Newspapers Propose New Indexing Standards
This should come as no surprise from the people who’d sue you to stop you from linking to them: at a publishers’ consortium today, after complaining about the limited nature of robots.txt, the newspaper industry has proposed new standards to prevent search engines (and other sites) from indexing their sites willy-nilly.
This has been in the works since September of last year, when Andy called it like he saw it: “Publishers to Spend Half Million Dollars on a Robots.txt File.” Granted, it’s not just a robots.txt file—but it’s not too far off.
The plan, announced at an NYC gathering of a publishers’ consortium today and known as Automated Content Access Protocol (ACAP), would give publishers more say in what search engines could do. Rather than a simple do/do not index request, publishers could come up with specific rules, such as how long a search engine could retain content, or what links it can follow.
Let’s just make sure we’re all on the same Internet. The three complaints I see in here are already covered by existing methods:
- Index or not: covered by robots.txt, as you mentioned.
- How long to retain content: the unavailable_after META element, announced in July and live as of August (and if you want search engines to wait to index it, don’t publish it or robot it out in robots.txt or a meta tag.)

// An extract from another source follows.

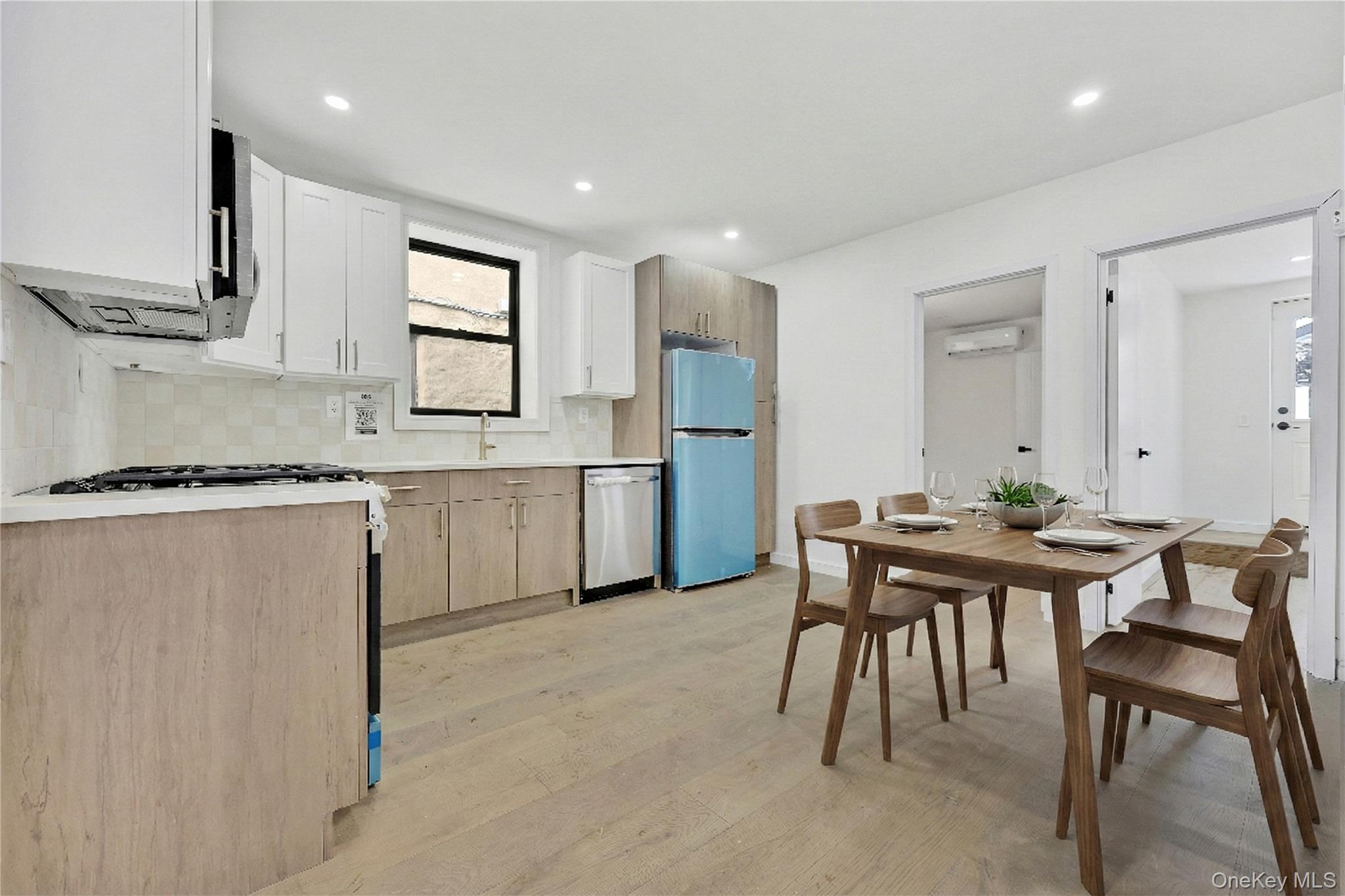 Single Family 224th  Bronx, NY 10466, MLS-956377-2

- What links it can follow: rel="nofollow"
Do you guys always have to do things your way/the hard way? Or are you just too lazy to put in meta elements and rel="nofollow"s?
I’m pretty disappointed that publishers spent all this time and money on trying to impose a standard on search engines that have worked pretty hard to give us the same capabilities already. The fact that ACAP may keep other sites from scraping newspaper sites’ content (yeah, right; they break copyright laws, why would they bother with the standard that you’re imposing on them?) is little consolation. After all, those publishers could have given that money to me.
Best of all, nobody but Exalead has signed on yet. Google’s evaluating the ACAP proposal right now, but I think it’s more than a little presumptuous of the publishing industry to publish their own standard—when Google (et al.) already has a fairly similar set of standards—and expect everyone to bend over backwards to meet their demands.
For a great analysis of the ACAP, ask Danny Sullivan. He says that ACAP isn’t something that’s going to affect the broader market for a while:
So now we have a new standard for expressing search engine permissions. Do site owners need to run out and immediately use it?
No. Not immediately. Not even long term.
Right now, none of the major search engines are supporting ACAP. If you were to use ACAP without ensuring that standard robots.txt or meta robots commands were also included, you’d fail to properly block search engines. Only Exalead, which is not a major multi-country service, would currently act upon your ACAP-only commands.
[But] I think it’s been very useful that some group has diligently and carefully tried to explore the issues, and having ACAP lurking at the very least gives the search engines themselves a kick in the butt to work on better standards. Plus, ACAP provides some groundwork they may want to use. Personally, I doubt ACAP will become Robots.txt 2.0 — but I suspect elements of ACAP will flow into that new version or a successor.
Danny’s a lot more fair, even-handed and nice than I am.